Now, I’m going to catch up. And when I do, I’ll try to never fall behind again.

1337 speak

Tuesday, March 23rd, 2010 at 11:55 pm

I’ve been using an increasingly large amount of 1337 (=leet=elite) speak lately in my twitter and blog. Most of it learned playing the World of Warcraft…

Awesomesauce
Weaksauce
lololololol
Epic Fail
Terribad
LOLs
lawl
lul
= Win.
= Fail.
FTW…or FTH (For the Horde)
pwn
nub (n00b)
Pr0n

I enjoy using these terms, it makes me feel young, like I could still talk to a teen, even now. I DO also use old slang as well though…making me old.

Dude
What’s up
Cowabunga! – nah, I don’t really say that

I wonder…what will happen to my 1337 speak now that I’ve stopped playing WoW. It’s undeniable that most of what I learned was from that game…
I never want to get too old that I forget how to talk like a teenage moron. What do I do? I don’t frequent urbandictionary often unless there’s a specific term I want.

I guess I should just play WoW and chill in Dalaran and watch the stupidity. If you’ve ever read/witnessed it, some of it is pretty fracking entertaining….pure genius hidden within pure idiocy. Some very intelligent people drowning their lives and their potential. Kinda like what I did.

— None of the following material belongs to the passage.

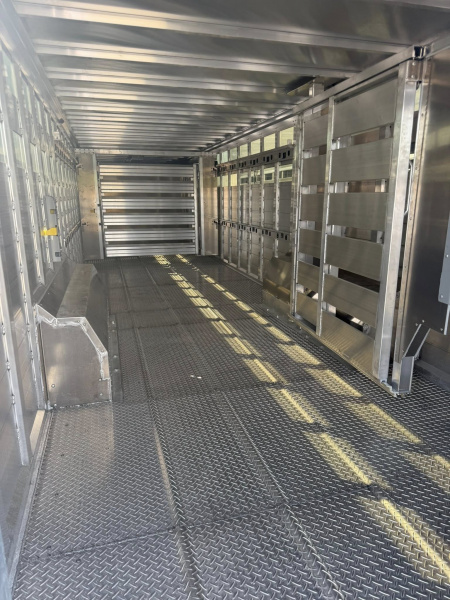 New 2027 EBY Trailers Gooseneck Stock / Stock Combo Trailer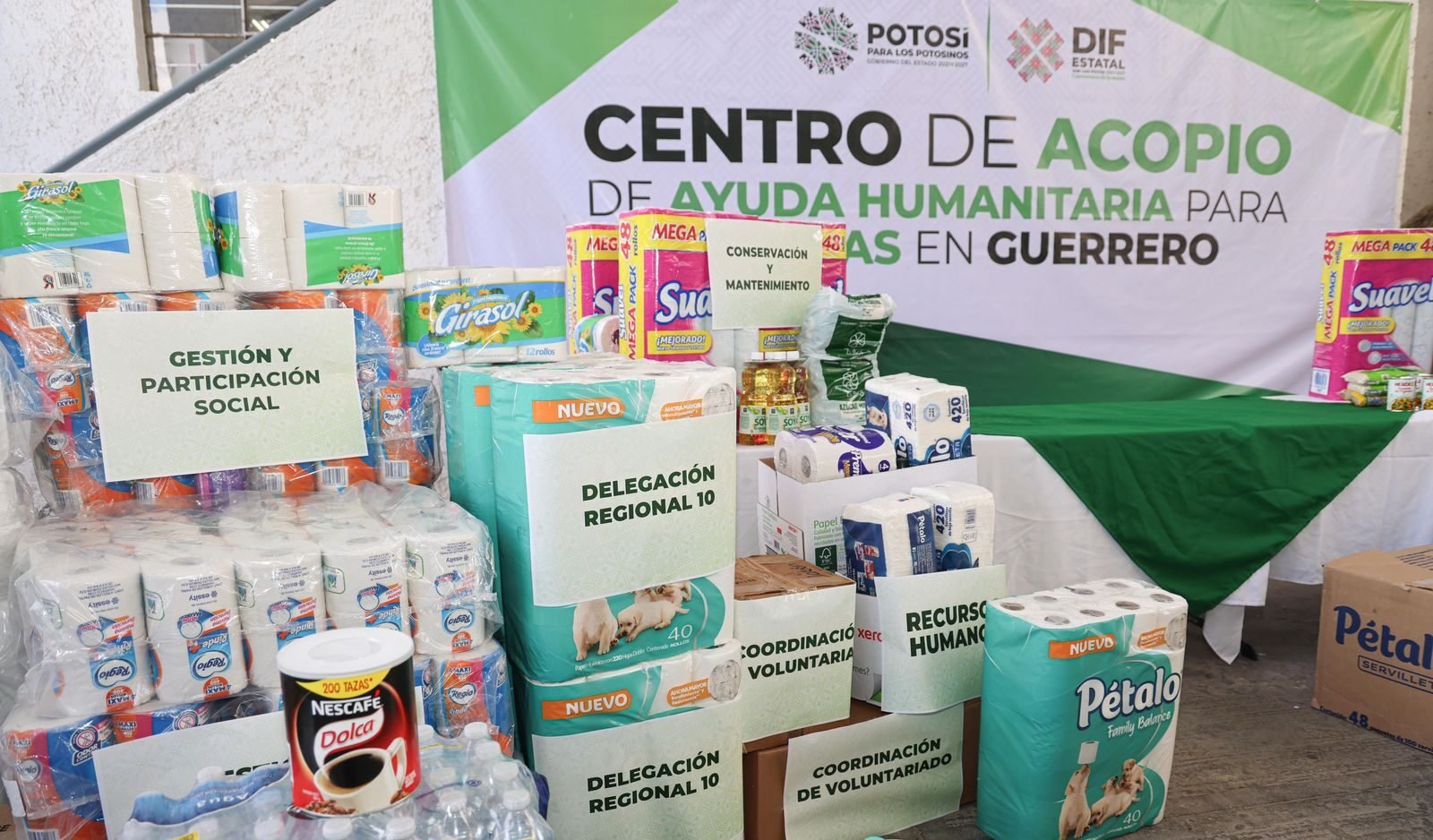 INSTALAN CENTRO DE ACOPIO EN BENEFICIO DE FAMILIAS AFECTADAS EN GUERRERO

Posting 2 old posts = EPIC WIN.
Running out of content = EPIC FAIL.

But that’s what this blog’s all about anyways. some EPIC FAIL. I CTRL-F 13 “Epic Fail”s on this page atm.

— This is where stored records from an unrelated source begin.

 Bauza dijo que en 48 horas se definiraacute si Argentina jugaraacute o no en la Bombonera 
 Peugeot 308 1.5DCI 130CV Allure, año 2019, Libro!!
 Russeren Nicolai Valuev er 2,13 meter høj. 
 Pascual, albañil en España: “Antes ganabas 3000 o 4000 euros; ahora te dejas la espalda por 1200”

Irrelevant. I know that’s not the right word.

Tuesday, March 23rd, 2010 at 11:44 pm

After you use the word repeatedly, it tends to lose it’s meaning.

Irrelevant – not related, not applicable, unimportant, not connected

To say my content is irrelevant means to compare it to something. But I don’t really compare it to anything when I use the word meaning that it’s being used incorrectly.

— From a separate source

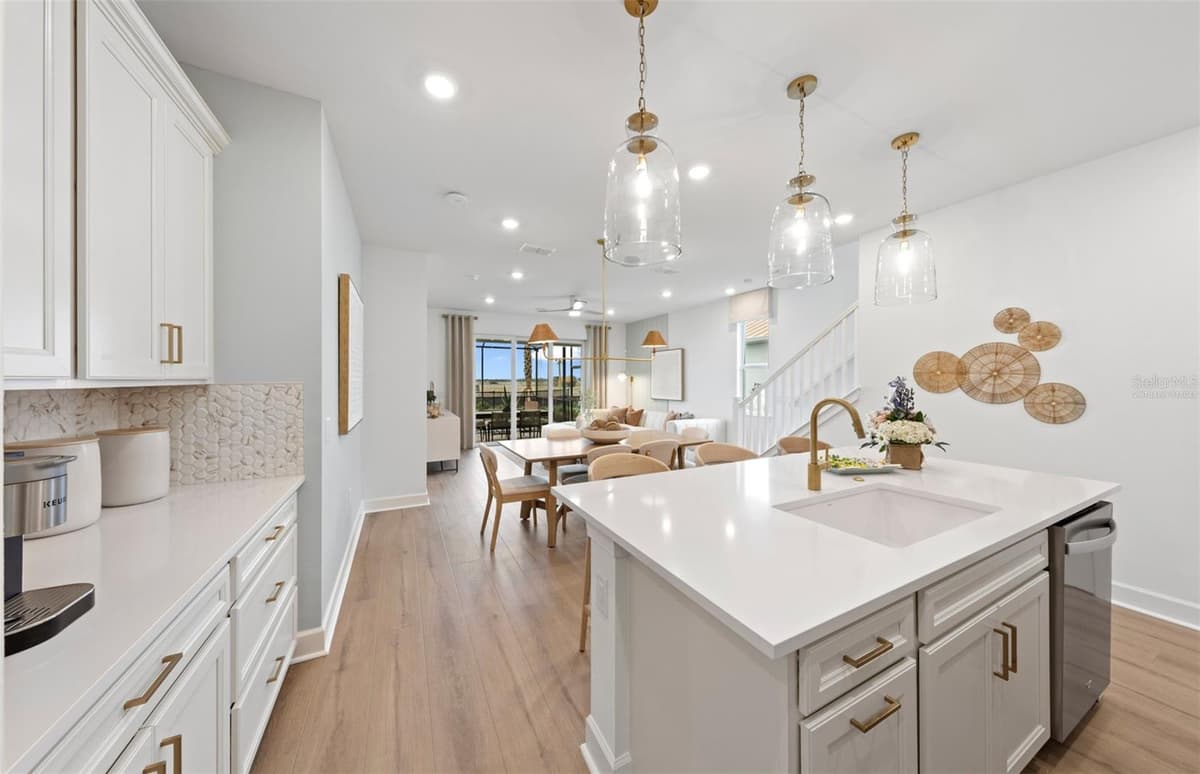 84 LAKE MANATEE DRIVE — photo 4 of 15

Or so I would have you believe.

The idea is that my content is irrelevant to EVERYTHING. Which is false but I entertain the idea. It makes everything I write seem…even less significant than it already is.

Posting random 2 month old post = win.

It doesn’t matter. Nothing matters.

Tuesday, March 23rd, 2010 at 11:29 pm

It’s true. The glass is not half empty. It’s fact.

In the grand scheme of things, nothing matters. Not your life, not mine, not the contributions we make, or the people we help. Sure, it matters in the small sense. But in the grand scheme, nothing we say, do, create, or destroy will have any significance.

If your life is awesome, you probably disagree with the above.

But if your life sucks, this mentality will make life easier. Do what you want, it doesn’t matter what other people say or do or think. It doesn’t matter what you say or do or think. I mean, in the grand scheme of things…
Don’t go losing your job cuz you’re an idiot.

…what a downer post. I just felt like writing something…

Learning new things

Monday, March 22nd, 2010 at 4:06 pm

After giving it some thought, I’m pretty disappointed with myself for writing:

“I don’t want to make life too difficult for myself. I enjoy being challenged but I also enjoy being lazy. Working too hard leads to burnout. For me, the key to life is always about balance.” – Hi. I’m Warren. I’m a web developer.

It sounds like I’m content with my current knowledge and that I don’t want to strive for more knowledge, for better things. That’s really one of the worst ways to look at life. I enjoy being challenged. I want to learn more about whatever interests me. I want and need to keep adapting to technology, learning new things. Watching new shows, not re-watching old shows I like. I just wanted to make it clear that I’m not content with what I know and that I’m not done with learning.